Gabrielle Peters is a writer with disabilities who lives on one of the lowest incomes in Canada. She was admitted to a hospital in Vancouver following the onset of a rare autoimmune system disease in 2009. Soon after, her partner left her to become homeless after the disease made her unable to work. But she hung on to life on the belief that everyone can to choose to live with dignity.
But Peters is concerned that people with disabilities may be deprived of the choice to live following the introduction of Bill C-7, an Act to amend the Criminal Code on medical assistance in dying (MAiD). She questioned the justifications for MAiD in a statement presented at a Senate committee hearing on Wednesday.
It was the last round of witness testimony that senators heard before the committee went into the clause-by-clause review of Bill C-7 on Wednesday at 4 p.m. The Senate Committee on Legal and Constitutional Affairs accepted the bill on Wednesday evening, but members have agreed to hold off proposing amendments until the Senate returns next week for the final debate.
“Decades of dire warnings about how old and disabled people were going to burden our health care and society has been matched by marketing MAiD as a heroic, brave, self-sacrificing, and honorable death,” Peters said. “[But] you’d shocked by the number of times I’ve been called selfish for wanting health care by health care professionals.”
During her testimony, Peters said that while government commissioned studies have found some potential cost savings to amending the MAiD, they had only considered it in comparison to the costs for end-of-life care.
“[They] imagine the cost-savings of the early death of a disabled person with not dying, and has decades of health care, and possibly income, and other supports ahead of them,” Peters said. “If it’s not cost-saving, then we are left with ableism versus the rugged individualism Canadian myth.”
Bill C-7 was introduced to Parliament in October 2020, in an attempt to bring the federal law into compliance with a September 2019 Quebec Superior Court ruling that found it unconstitutional to only allow MAiD for people whose death is foreseeable, as authorized in the current law, Bill C-14.
Greater Access for Palliative Care
Opposition Conservatives have contested the need for the legislation to include safeguard measures, such as the previously removed 10-day reflection time for patients who have requested MAiD. They have also called for the greater support for palliative care from the government.

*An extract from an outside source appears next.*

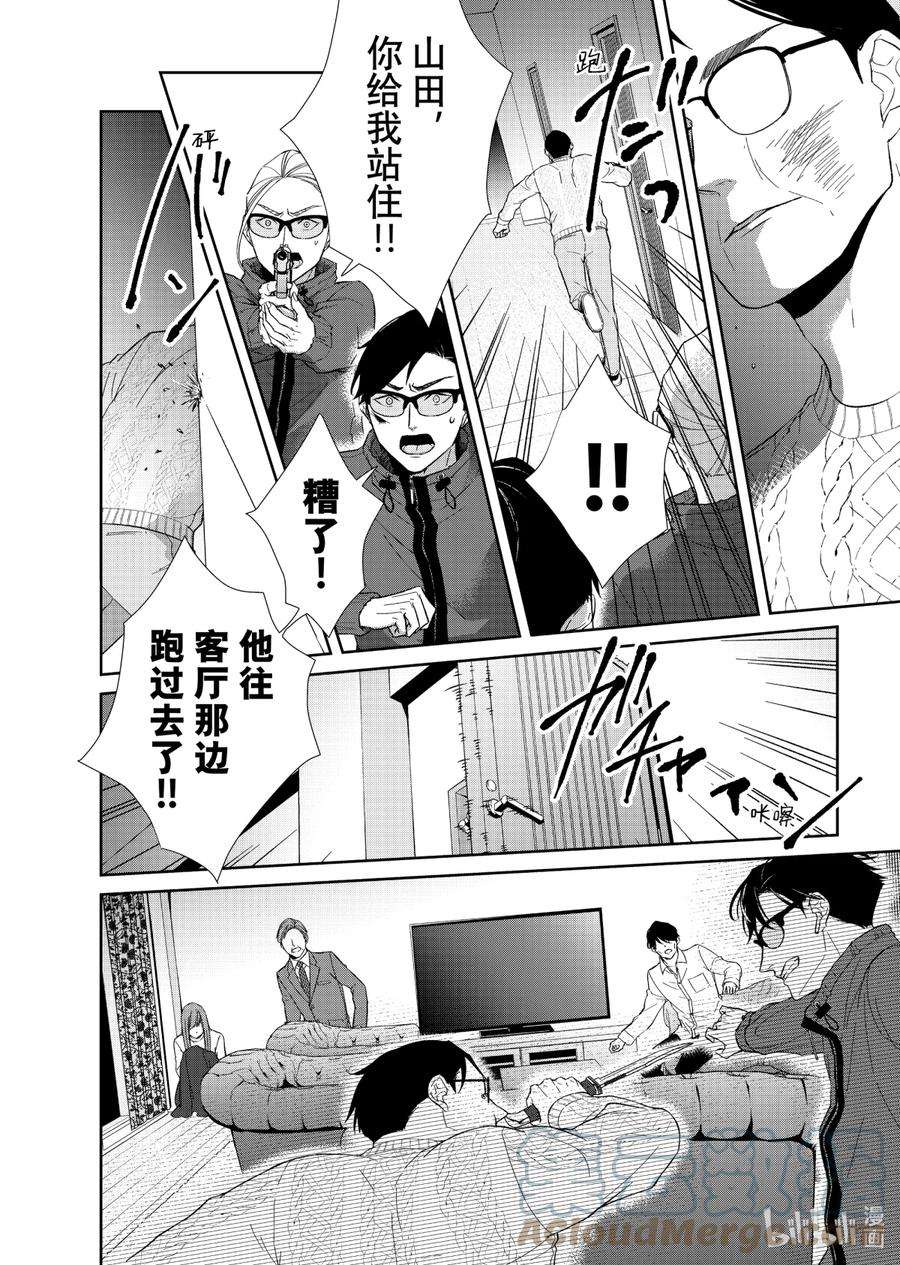 契约危险的拍档最新漫画,77 对峙5 2图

“Palliative care is essential care, that’s part of a care continuum right up until terminal care or end-of-life care. It ends with the natural death of the person,” Sen. Marie-Françoise Mégie told the committee.
Mégie, who is also a physician, said the Canadian public doesn’t know enough about palliative care, medical care for people living with a serious illness, arguing that most patients who qualify would have possibly chosen the care over the MAiD, had they had more information about that option.

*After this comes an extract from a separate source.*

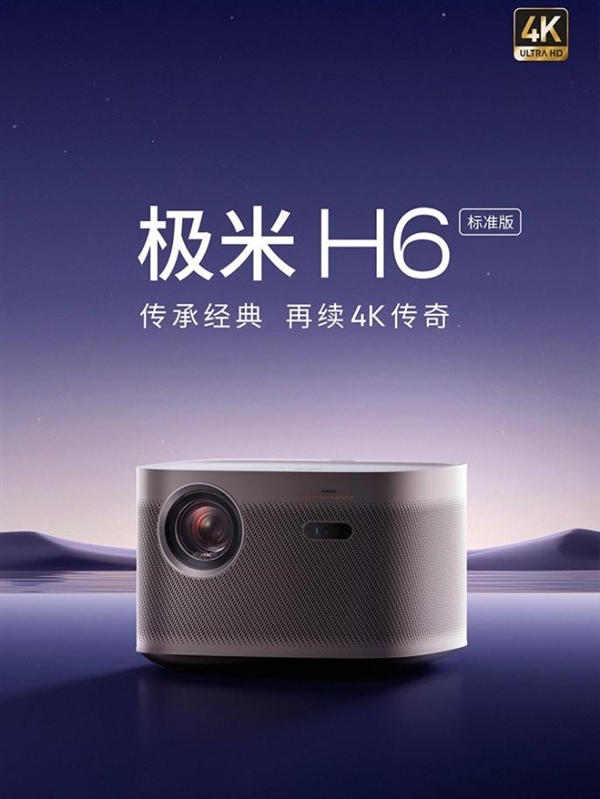 前十名有哪些 当贝X5S Pro为何是榜首pg电子模拟器试玩2025投影仪销量排行榜(图14)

She quoted a letter from the Minister of Health that said “the majority of people who have received MAiD would have benefited from palliative care services.”
“It’s very common for patients receiving palliative care to tell us that if they had known what palliative care could offer them, in a place like a palliative care home, they would have accepted it much earlier,” she said.
Meanwhile, Joshua Wales, a palliative care physician for Sinai Health, told the committee that he supports the removal of the 10-day reflection period for people whose death is near.
“While I understand its original intention, in most cases, their reflection period has become a meaningless logistical barrier,” Wales said. “It’s elimination will decrease the duration of suffering of those eligible for MAiD and desire it as soon as possible.”
Wales said that, from his experience, patients do not impulsively request MAiD, but have often decided weeks, months, and even years ahead.